29-03-2024 01:13 AM Jerusalem Timing

Ivory Coast Back to Political Life in First Post-Gbagbo Elections

Ivory Coast Back to Political Life in First Post-Gbagbo Elections

Ivory Coast elections to choose a new parliament started on Sunday in a first post- Laurent Gbagbo polls

Ivory Coast elections to choose a new parliament started on Sunday in a first post- Laurent Gbagbo polls.

The party of the former strongman Gbagbo, who is awaiting trial in The Hague for crimes against humanity, boycotted the elections.
With Gbagbo sitting in an International Criminal Court (ICC) cell, the coalition backing President Alassane Ouattara is widely expected to gain a majority of the 255 seats in the new assembly.
  
The vote comes only a year after the poll that brought the world's top cocoa producer, once a beacon of stability in the west African region, to the brink of civil war in a conflict that claimed some 3,000 lives. And it follows a week of campaigning that left five people dead.
  
Some 25,000 members of the Ivorian security forces, backed by 7,000 members of the UN peacekeeping mission, will be deployed to ensure security during the election in this country of 21 million people.

Initial turnout was low at Abidjan polling stations visited by AFP journalists in Adjame as well as Koumassi, where the main market is located, and in the central city of Bouake.

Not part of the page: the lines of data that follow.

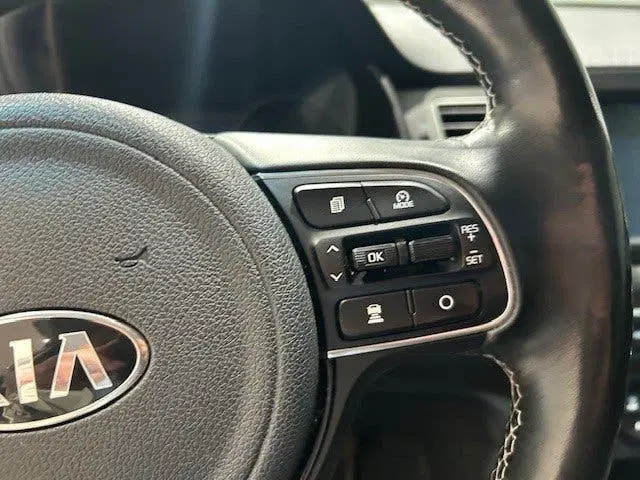 Kia Niro Elektrisch 204pk Aut ExecutiveLine uit 2020, foto 14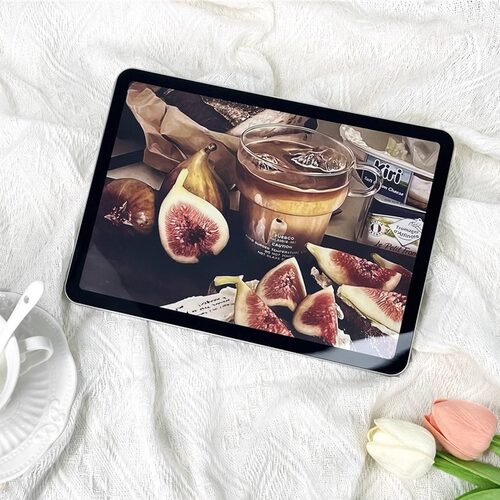 新款iPad air5/6平板电脑模型机 2024款10.9英寸模型道具 非真机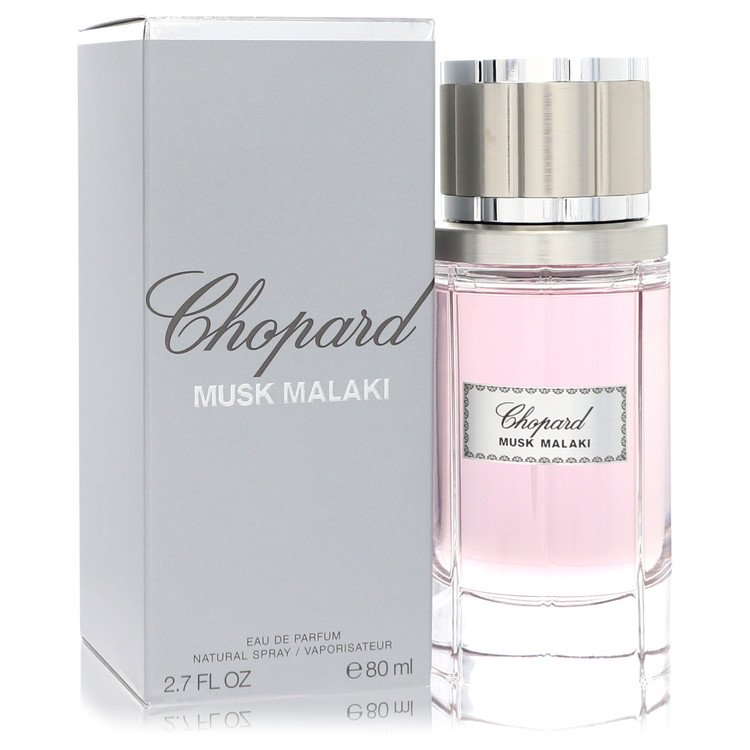 Chopard Musk Malaki Eau De Parfum Spray (Unisex) by Chopard 80 ml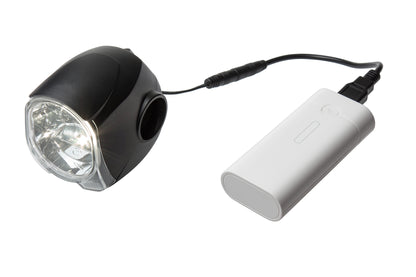 Tern Valo Direct, Front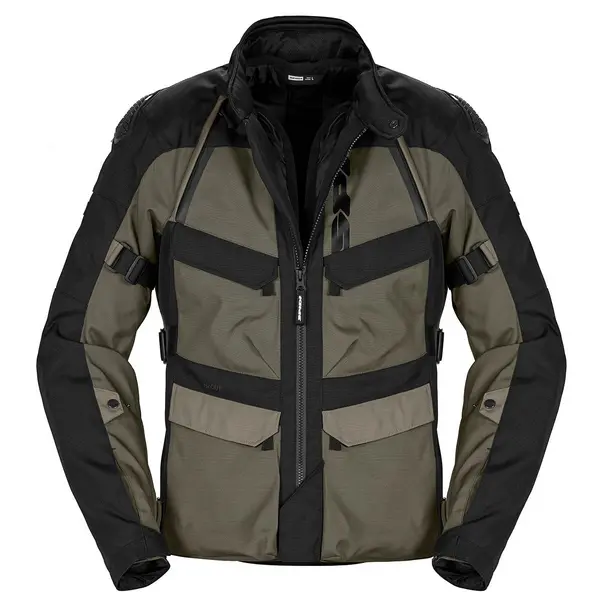 Spidi Rw H2Out Militar 3XL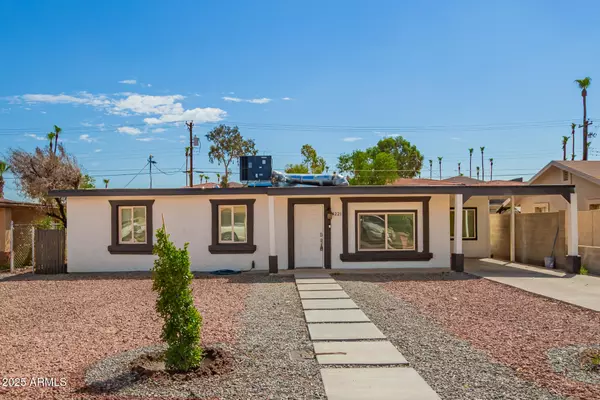 Phoenix, AZ 85017,4221 N 33RD Drive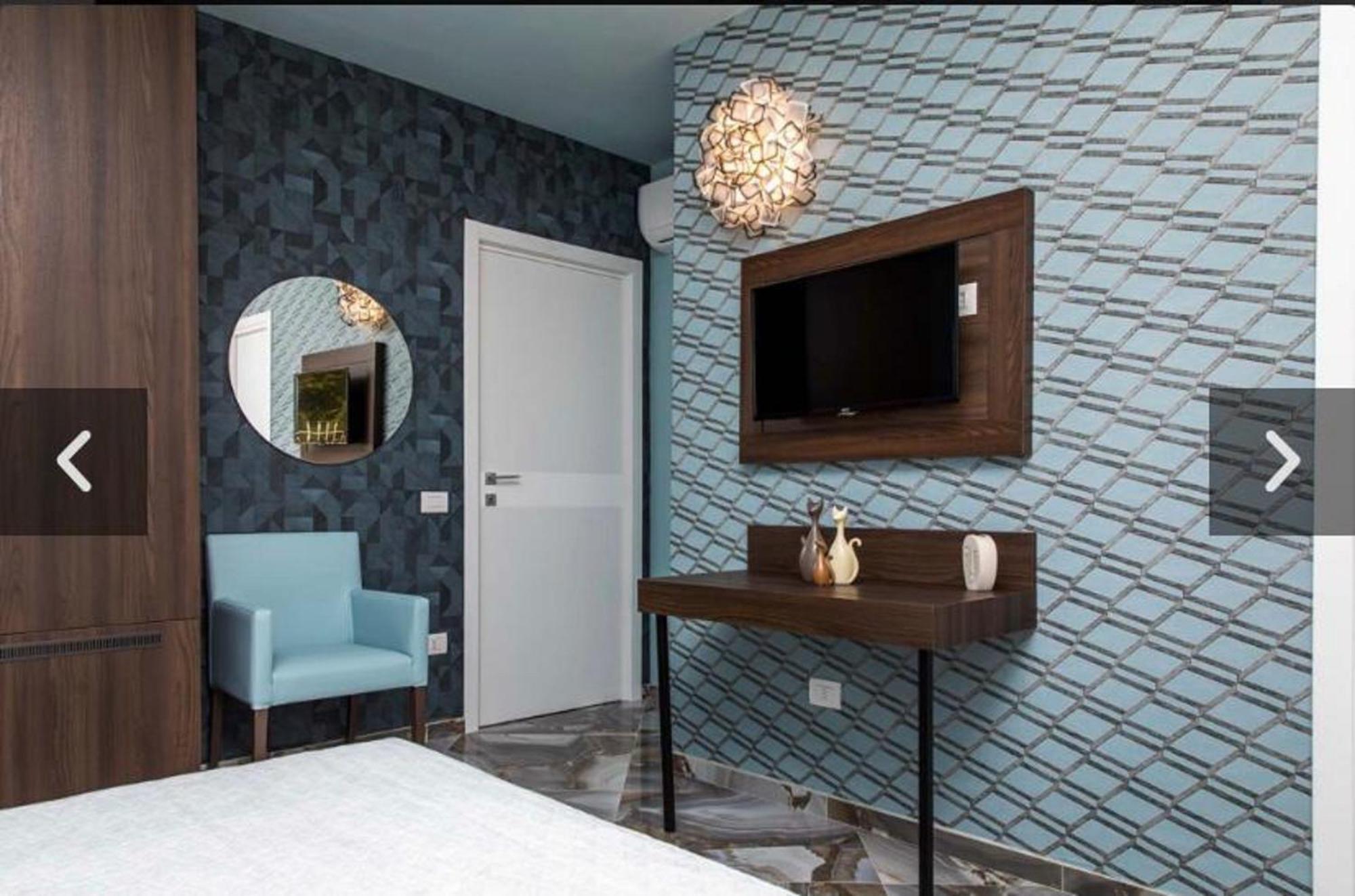 4Essences Boutique Rooms Maratea Εξωτερικό φωτογραφία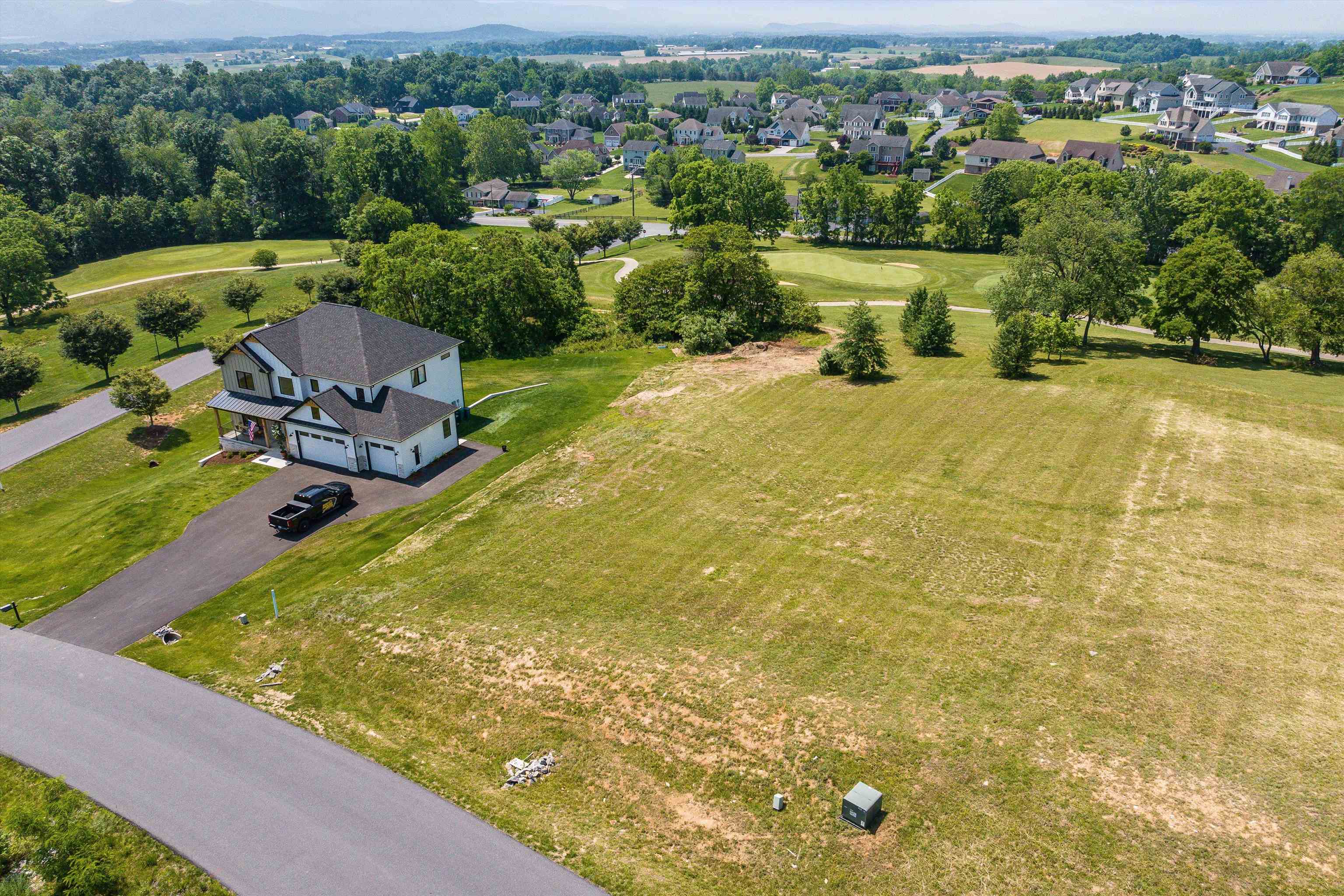 1360 FREDERICK RD, ROCKINGHAM, Virginia 22801, ,Land,1360 FREDERICK RD,665566 MLS # 665566
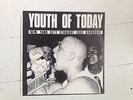 Youth Of Today LP punk, hc, SXE, minor Threat, Uniform Choice,
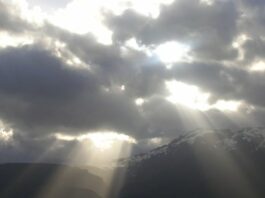 Onamet mantiene alerta meteorológica en 14 provincias debido a vaguada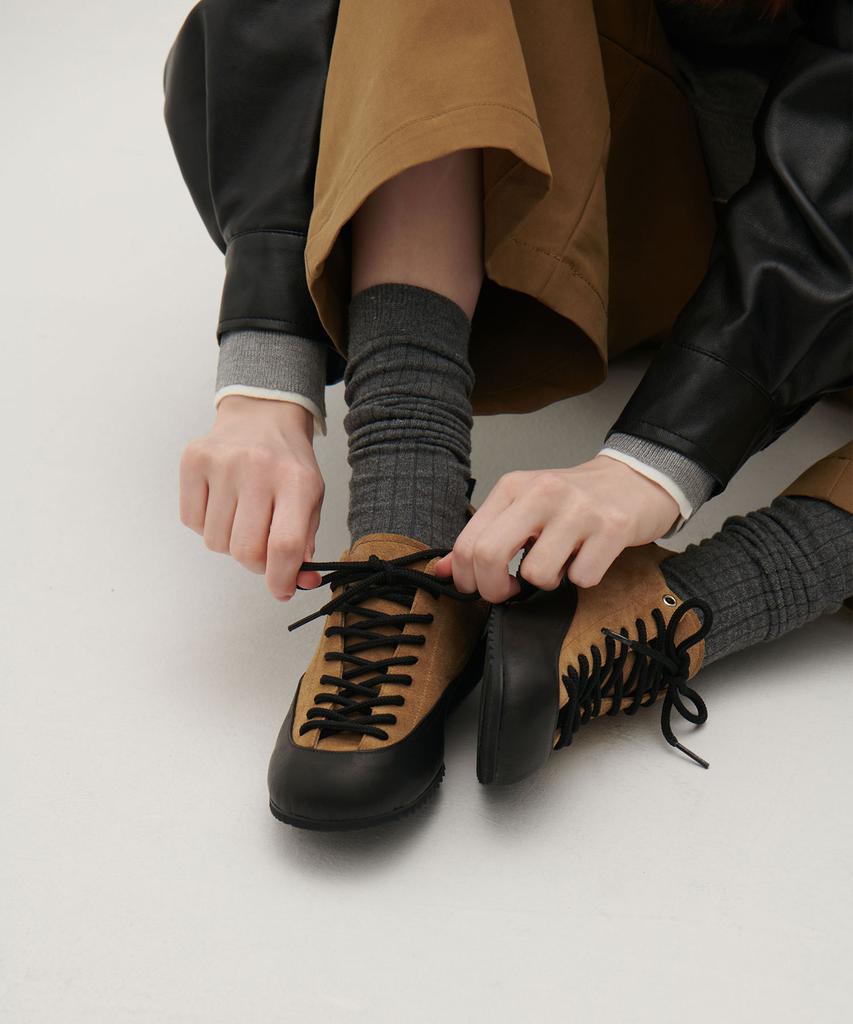 Andbutterum Trail_Sneakers_Beige(Bf5Cmk16Be)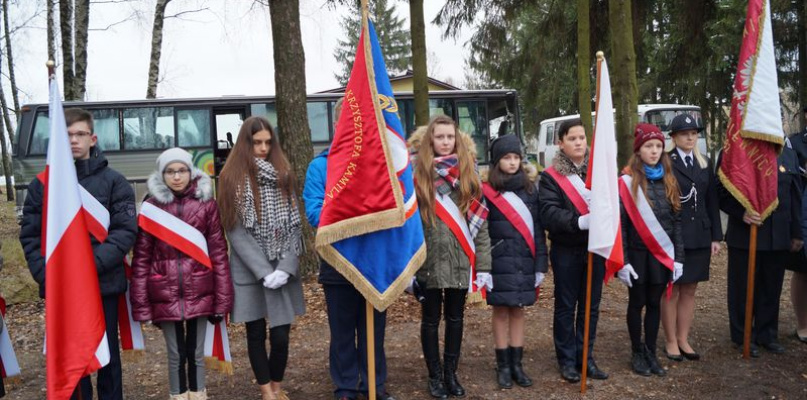 Obchody Narodowego Święta Niepodległości w Kąkolewnicy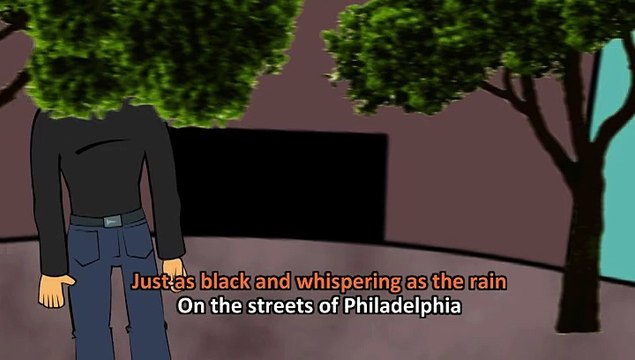 KARAOKE BRUCE SPRINGSTEEN - Streets of Philadelphia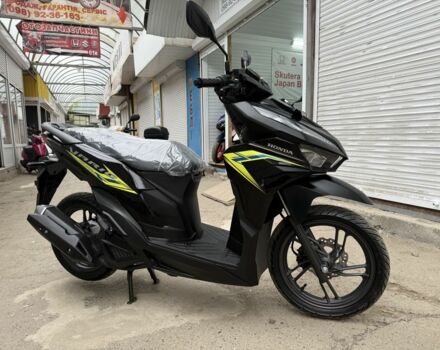 Хонда Другая, объемом двигателя 0.13 л и пробегом 0 тыс. км за 3250 $, фото 14 на Automoto.ua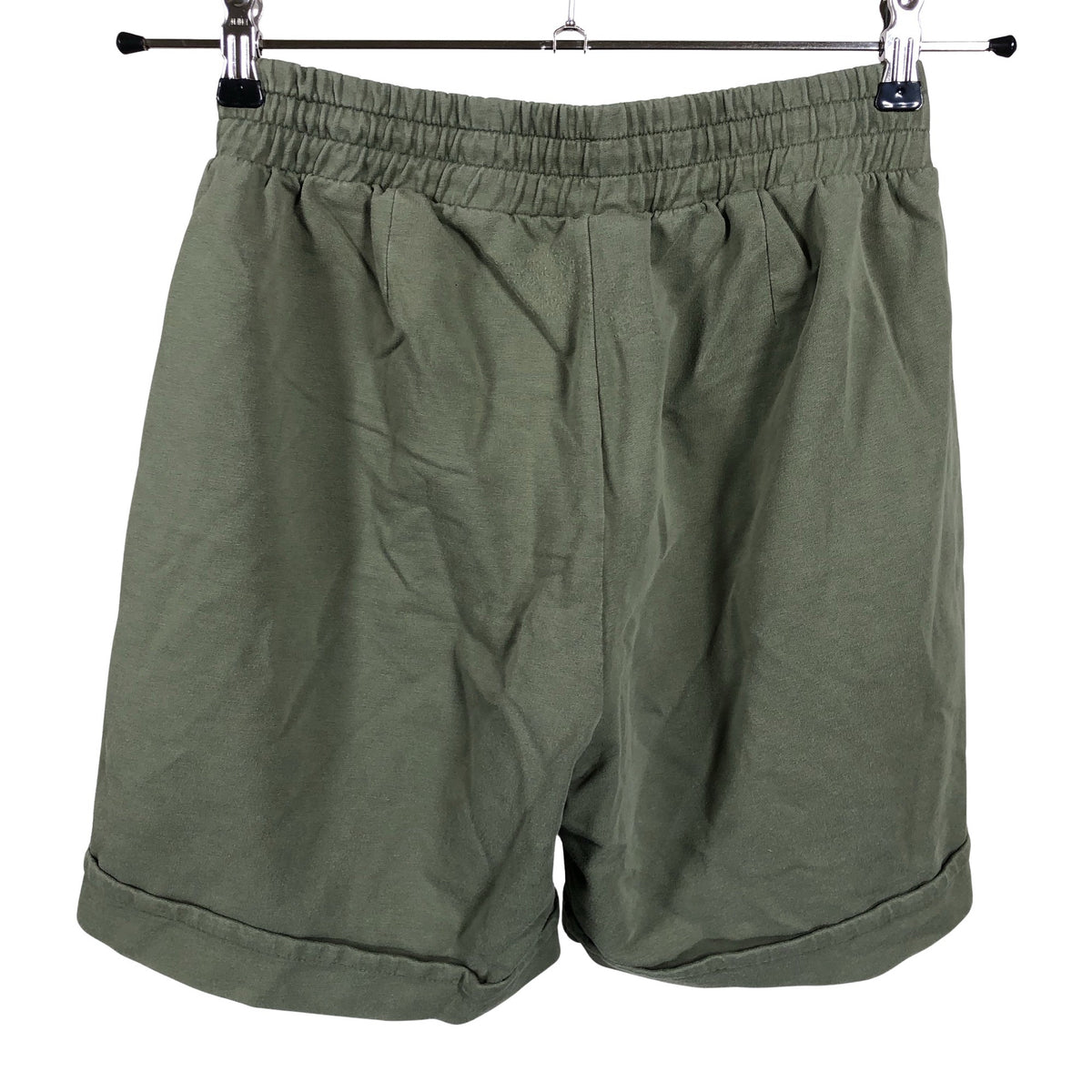 Unisex NOSH - Shorts, size 36 - Green (2)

About 5.7 million voters will cast their ballots, with polling stations to close at 5:00 pm (1700 GMT), watched over by 150 international and 3,000 Ivorian observers. Election results are expected mid-week.
  
Violence erupted in the former French colony after the November 2010 presidential run-off when Gbagbo was eventually captured in his presidential palace by pro-Ouattara forces in April 2011, with support from French and UN troops.
  
Gbagbo's Ivorian Popular Front has called its champion's transfer to the ICC a "political kidnapping," vowing to pull out of the reconciliation process.